Even BHL’s hypothesis that Bush winning reelection and defeating Kerry is like the “last death throes of the conservative majority” rings familiar to today’s ears. People have hypothesized the same with Trump, 12 years after the fact of Bush’s reelection. And less a last death throes of a conservative majority, Trump’s victory ushered in a different kind of “conservativism” entirely, an utter rejection of Bush’s stated form of “compassionate conservativism” and of neoconservative wars of adventure.
Finally, one more point worth engaging with from BHL is his dealing of Francis Fukuyama and his theory arising from, The End of History and the Last Man, that the collapse of the Berlin Wall essentially ushered in a post-history society, a “final form of government” where “nothing can challenge the capitalist, liberal order that is in the process of imposing itself today.” Of course, as we’ve seen, not just in the United States with Donald Trump and the MAGA movement, but the world over, citizens, demagogues, tyrants, and governments are certainly trying their ample best to reverse and tear down that “capitalist, liberal order” they blame for all the ills of modern society.
I found BHL’s book, for the most part (I hedge only that he’s a philosopher, so, it can be rather tedious to read at times), to be a fun journey through America. As I always like to preface, I’m not the patriotic type, and yet, I still find myself feeling some sort of pride and some sort of way when an “outsider” describes America and the best of our abstractions, our people, our cities, our way of life, and our history and what its meant (and continues to mean) for the world. BHL said there’s just something about America writers of his ilk have yearned to understand and investigate, and in the modern context, in a Jack Kerouac On the Road way. America, unlike anywhere else, invites such journeying and investigation.

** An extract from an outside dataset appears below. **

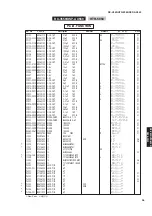 Preview for 95 page of Yamaha RX-V559 Service Manual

It’s not likely that a political book about a particular political time in America would seem resonate 17 years after the fact, but BHL’s book, American Vertigo, finds salience to today’s America because history does indeed repeat and rhyme; we have the same fights and discussions and we’re still battling for our American identity, our shared American memory, and our sense of place in the world, and perhaps our duty to the world. In these ways, BHL believes America is actually better than its detractors give it credit for, but also not the harbinger of the “end of history” rather than the unfurling of something new (and old?) altogether. I think that’s a fair characterization of his concluding reflections at the end of the book.